● Try it: Go through the following data and transcribe exactly the stretch of lines from the one holding "Toyota Rav4 Limited" to the one holding "Louis Vuitton Saumur", both included.
#### Exercise data
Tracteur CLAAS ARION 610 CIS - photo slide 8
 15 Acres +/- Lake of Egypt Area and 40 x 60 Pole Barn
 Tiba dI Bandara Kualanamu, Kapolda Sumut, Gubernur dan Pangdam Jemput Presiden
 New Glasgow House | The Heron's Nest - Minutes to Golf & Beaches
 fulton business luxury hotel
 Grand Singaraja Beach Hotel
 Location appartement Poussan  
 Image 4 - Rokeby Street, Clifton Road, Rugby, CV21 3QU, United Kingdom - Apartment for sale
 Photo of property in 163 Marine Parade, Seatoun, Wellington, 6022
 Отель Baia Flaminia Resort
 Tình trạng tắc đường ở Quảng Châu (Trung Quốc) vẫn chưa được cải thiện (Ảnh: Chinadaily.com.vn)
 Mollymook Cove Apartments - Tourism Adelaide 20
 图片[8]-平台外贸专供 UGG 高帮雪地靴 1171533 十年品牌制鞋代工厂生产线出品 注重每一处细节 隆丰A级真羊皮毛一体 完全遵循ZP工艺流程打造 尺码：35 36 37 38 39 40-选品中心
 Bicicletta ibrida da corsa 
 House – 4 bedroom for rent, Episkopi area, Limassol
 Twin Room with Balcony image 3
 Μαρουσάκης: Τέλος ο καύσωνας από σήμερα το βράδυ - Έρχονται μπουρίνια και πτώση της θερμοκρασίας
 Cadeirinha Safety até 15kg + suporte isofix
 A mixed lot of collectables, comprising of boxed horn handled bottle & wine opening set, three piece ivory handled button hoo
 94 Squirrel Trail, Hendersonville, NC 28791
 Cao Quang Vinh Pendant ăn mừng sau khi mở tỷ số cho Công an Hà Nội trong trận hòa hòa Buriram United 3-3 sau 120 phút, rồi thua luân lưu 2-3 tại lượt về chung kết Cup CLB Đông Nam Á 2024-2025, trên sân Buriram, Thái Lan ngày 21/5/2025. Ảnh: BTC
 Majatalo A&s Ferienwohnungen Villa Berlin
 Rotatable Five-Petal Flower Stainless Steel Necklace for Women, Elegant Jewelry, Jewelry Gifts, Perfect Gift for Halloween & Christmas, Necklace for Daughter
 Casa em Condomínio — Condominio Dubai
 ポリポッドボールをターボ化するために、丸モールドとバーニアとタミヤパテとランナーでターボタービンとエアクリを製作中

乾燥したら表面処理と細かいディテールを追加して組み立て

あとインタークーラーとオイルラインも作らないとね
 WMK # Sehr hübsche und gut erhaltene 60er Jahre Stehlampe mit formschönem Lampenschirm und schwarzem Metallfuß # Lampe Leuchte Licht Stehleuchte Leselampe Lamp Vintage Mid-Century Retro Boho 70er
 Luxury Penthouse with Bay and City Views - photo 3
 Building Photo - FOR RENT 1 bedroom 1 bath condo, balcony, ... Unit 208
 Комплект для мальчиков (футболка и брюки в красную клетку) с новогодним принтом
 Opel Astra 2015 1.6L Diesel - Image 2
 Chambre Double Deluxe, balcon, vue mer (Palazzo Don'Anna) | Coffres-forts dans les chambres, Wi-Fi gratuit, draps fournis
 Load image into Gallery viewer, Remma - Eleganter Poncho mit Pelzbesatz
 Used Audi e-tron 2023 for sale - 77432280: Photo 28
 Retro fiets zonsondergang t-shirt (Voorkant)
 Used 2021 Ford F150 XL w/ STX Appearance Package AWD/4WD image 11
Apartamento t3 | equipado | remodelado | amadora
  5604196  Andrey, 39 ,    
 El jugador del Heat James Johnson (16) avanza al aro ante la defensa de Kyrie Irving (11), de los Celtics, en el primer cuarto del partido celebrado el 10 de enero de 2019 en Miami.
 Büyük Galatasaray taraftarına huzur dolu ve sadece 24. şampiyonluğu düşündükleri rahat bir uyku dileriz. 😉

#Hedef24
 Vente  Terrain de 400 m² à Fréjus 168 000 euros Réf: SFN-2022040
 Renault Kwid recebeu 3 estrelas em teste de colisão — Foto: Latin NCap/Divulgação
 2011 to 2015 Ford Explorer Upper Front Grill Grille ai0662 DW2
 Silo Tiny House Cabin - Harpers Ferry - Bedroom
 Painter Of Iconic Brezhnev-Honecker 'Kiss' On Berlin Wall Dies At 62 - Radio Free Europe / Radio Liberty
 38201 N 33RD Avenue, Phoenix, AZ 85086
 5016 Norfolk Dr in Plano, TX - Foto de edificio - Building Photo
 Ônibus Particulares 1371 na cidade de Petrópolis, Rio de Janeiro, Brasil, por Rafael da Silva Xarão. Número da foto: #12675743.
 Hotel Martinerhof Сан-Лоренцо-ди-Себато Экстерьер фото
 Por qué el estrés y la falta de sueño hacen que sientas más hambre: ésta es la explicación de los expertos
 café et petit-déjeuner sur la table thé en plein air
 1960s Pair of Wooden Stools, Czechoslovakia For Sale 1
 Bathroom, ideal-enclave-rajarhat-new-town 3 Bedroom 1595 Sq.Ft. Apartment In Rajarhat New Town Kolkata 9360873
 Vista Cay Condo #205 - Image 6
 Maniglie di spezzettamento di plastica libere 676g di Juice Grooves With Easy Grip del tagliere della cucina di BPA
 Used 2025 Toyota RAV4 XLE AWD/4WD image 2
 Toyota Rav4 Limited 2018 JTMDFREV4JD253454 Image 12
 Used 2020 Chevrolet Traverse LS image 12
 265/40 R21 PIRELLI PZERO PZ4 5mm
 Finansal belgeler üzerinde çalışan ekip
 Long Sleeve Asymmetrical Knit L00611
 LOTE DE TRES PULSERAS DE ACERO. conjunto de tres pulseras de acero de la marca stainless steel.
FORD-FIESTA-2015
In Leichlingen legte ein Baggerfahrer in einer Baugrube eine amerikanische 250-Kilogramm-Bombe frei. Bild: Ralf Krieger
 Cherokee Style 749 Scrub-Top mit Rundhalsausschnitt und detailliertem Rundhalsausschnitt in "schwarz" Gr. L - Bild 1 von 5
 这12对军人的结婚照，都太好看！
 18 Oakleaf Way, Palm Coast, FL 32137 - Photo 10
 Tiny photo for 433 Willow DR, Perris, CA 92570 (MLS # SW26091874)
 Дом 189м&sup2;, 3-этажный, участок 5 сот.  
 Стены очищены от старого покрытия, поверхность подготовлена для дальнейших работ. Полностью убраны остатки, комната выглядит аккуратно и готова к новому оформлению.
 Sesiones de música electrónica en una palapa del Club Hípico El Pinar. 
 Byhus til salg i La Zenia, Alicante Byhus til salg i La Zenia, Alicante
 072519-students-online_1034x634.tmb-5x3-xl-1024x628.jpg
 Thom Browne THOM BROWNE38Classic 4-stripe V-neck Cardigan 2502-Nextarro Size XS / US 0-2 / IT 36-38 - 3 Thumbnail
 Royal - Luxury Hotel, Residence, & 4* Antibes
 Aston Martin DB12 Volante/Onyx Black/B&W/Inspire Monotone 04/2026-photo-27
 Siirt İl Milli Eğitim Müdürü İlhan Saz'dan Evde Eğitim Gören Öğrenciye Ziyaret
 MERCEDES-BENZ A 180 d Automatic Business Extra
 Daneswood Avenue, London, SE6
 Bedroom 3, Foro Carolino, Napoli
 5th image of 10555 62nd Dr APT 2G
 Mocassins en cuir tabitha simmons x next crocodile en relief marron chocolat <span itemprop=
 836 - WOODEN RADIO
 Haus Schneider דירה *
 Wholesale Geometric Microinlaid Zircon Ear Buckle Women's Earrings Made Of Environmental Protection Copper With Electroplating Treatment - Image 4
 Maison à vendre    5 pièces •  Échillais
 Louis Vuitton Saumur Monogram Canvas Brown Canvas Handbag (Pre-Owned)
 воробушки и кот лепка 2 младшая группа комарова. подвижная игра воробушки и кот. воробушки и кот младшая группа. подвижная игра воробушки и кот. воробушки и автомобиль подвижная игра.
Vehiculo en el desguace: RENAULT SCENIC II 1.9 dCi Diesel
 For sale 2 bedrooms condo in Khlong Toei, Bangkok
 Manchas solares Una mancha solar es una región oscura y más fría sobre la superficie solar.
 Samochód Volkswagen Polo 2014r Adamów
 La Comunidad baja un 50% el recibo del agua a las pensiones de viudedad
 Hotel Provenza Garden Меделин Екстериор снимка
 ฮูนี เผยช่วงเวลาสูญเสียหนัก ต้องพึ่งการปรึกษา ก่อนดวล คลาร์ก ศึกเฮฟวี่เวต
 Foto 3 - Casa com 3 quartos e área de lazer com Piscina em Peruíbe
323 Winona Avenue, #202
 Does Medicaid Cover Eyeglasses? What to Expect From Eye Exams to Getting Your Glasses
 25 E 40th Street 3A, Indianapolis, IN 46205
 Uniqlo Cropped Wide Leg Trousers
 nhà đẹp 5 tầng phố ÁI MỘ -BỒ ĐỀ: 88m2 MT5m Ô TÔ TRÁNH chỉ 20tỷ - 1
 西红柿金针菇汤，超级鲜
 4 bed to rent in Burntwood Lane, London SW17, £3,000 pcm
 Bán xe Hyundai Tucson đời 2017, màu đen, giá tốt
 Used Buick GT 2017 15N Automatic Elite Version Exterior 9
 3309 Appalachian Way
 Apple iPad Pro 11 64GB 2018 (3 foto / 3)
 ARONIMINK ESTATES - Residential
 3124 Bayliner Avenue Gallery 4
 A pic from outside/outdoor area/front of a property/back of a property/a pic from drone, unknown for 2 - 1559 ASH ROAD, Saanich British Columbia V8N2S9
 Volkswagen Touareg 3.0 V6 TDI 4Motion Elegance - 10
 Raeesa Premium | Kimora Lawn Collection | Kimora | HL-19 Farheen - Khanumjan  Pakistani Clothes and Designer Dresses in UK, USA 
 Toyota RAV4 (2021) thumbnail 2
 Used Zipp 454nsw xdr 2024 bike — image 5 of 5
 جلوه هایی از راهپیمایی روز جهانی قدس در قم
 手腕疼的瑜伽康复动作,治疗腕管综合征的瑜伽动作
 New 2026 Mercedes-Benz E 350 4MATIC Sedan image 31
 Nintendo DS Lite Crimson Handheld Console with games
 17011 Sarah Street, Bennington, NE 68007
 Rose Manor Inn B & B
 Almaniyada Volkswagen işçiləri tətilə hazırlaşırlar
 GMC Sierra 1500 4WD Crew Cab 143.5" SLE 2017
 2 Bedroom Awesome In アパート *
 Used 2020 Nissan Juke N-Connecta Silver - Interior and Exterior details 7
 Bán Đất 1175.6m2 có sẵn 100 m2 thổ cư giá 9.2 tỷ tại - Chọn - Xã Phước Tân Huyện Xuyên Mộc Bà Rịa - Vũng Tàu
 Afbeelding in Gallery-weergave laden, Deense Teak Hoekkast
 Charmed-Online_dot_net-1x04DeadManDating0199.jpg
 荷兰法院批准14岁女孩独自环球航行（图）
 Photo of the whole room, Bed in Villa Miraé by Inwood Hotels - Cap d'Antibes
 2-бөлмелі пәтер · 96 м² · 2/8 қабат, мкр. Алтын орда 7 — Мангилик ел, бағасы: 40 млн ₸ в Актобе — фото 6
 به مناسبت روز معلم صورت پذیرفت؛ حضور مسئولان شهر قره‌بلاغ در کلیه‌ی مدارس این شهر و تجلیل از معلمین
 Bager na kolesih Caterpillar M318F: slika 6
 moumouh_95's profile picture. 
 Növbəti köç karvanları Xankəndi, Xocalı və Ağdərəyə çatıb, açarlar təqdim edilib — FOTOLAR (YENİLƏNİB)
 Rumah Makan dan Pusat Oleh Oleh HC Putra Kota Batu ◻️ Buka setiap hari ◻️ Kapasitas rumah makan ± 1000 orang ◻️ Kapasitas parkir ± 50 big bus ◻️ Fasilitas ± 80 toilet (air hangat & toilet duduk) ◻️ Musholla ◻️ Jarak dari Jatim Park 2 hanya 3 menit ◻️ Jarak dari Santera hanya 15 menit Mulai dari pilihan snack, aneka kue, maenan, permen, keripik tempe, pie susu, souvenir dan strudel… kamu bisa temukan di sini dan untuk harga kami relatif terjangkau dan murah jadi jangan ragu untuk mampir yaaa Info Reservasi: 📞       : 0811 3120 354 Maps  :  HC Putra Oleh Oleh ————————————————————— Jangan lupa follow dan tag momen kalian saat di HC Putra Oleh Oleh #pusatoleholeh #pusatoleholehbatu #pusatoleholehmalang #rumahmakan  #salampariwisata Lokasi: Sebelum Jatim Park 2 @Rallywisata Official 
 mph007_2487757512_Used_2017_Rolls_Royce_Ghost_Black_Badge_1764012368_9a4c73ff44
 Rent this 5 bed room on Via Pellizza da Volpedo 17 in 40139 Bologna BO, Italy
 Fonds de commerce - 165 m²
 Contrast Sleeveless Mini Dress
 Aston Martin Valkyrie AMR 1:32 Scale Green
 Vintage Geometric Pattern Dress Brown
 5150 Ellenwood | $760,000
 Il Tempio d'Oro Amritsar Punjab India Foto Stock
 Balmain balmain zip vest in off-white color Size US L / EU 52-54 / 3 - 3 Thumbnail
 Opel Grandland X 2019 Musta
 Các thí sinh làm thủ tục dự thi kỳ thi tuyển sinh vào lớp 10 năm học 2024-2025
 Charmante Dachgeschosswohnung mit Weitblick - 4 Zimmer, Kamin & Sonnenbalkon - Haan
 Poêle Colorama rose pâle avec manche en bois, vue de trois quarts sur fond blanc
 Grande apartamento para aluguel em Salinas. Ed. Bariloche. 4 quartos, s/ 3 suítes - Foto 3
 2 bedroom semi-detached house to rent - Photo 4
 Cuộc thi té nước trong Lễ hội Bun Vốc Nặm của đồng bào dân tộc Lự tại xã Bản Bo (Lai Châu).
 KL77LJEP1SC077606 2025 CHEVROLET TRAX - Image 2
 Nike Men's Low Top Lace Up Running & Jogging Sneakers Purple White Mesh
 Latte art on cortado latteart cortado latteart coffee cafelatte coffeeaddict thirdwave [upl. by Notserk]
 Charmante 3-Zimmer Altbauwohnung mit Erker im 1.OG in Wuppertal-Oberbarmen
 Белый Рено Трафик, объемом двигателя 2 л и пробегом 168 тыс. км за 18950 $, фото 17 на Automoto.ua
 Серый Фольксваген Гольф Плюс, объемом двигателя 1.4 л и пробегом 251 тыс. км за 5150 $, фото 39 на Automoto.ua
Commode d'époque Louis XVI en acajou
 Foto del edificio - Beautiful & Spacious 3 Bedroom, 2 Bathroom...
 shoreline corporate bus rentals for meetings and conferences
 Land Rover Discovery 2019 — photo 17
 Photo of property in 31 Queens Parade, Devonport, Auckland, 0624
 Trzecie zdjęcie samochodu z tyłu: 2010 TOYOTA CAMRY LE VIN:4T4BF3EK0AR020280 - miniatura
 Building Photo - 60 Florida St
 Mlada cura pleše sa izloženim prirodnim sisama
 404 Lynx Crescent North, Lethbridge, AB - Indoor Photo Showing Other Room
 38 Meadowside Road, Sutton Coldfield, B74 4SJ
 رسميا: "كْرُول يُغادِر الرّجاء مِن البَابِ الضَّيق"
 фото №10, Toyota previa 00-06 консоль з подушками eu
########
● Output of the task:
 Toyota Rav4 Limited 2018 JTMDFREV4JD253454 Image 12
 Used 2020 Chevrolet Traverse LS image 12
 265/40 R21 PIRELLI PZERO PZ4 5mm
 Finansal belgeler üzerinde çalışan ekip
 Long Sleeve Asymmetrical Knit L00611
 LOTE DE TRES PULSERAS DE ACERO. conjunto de tres pulseras de acero de la marca stainless steel.
FORD-FIESTA-2015
In Leichlingen legte ein Baggerfahrer in einer Baugrube eine amerikanische 250-Kilogramm-Bombe frei. Bild: Ralf Krieger
 Cherokee Style 749 Scrub-Top mit Rundhalsausschnitt und detailliertem Rundhalsausschnitt in "schwarz" Gr. L - Bild 1 von 5
 这12对军人的结婚照，都太好看！
 18 Oakleaf Way, Palm Coast, FL 32137 - Photo 10
 Tiny photo for 433 Willow DR, Perris, CA 92570 (MLS # SW26091874)
 Дом 189м&sup2;, 3-этажный, участок 5 сот.  
 Стены очищены от старого покрытия, поверхность подготовлена для дальнейших работ. Полностью убраны остатки, комната выглядит аккуратно и готова к новому оформлению.
 Sesiones de música electrónica en una palapa del Club Hípico El Pinar. 
 Byhus til salg i La Zenia, Alicante Byhus til salg i La Zenia, Alicante
 072519-students-online_1034x634.tmb-5x3-xl-1024x628.jpg
 Thom Browne THOM BROWNE38Classic 4-stripe V-neck Cardigan 2502-Nextarro Size XS / US 0-2 / IT 36-38 - 3 Thumbnail
 Royal - Luxury Hotel, Residence, & 4* Antibes
 Aston Martin DB12 Volante/Onyx Black/B&W/Inspire Monotone 04/2026-photo-27
 Siirt İl Milli Eğitim Müdürü İlhan Saz'dan Evde Eğitim Gören Öğrenciye Ziyaret
 MERCEDES-BENZ A 180 d Automatic Business Extra
 Daneswood Avenue, London, SE6
 Bedroom 3, Foro Carolino, Napoli
 5th image of 10555 62nd Dr APT 2G
 Mocassins en cuir tabitha simmons x next crocodile en relief marron chocolat <span itemprop=
 836 - WOODEN RADIO
 Haus Schneider דירה *
 Wholesale Geometric Microinlaid Zircon Ear Buckle Women's Earrings Made Of Environmental Protection Copper With Electroplating Treatment - Image 4
 Maison à vendre    5 pièces •  Échillais
 Louis Vuitton Saumur Monogram Canvas Brown Canvas Handbag (Pre-Owned)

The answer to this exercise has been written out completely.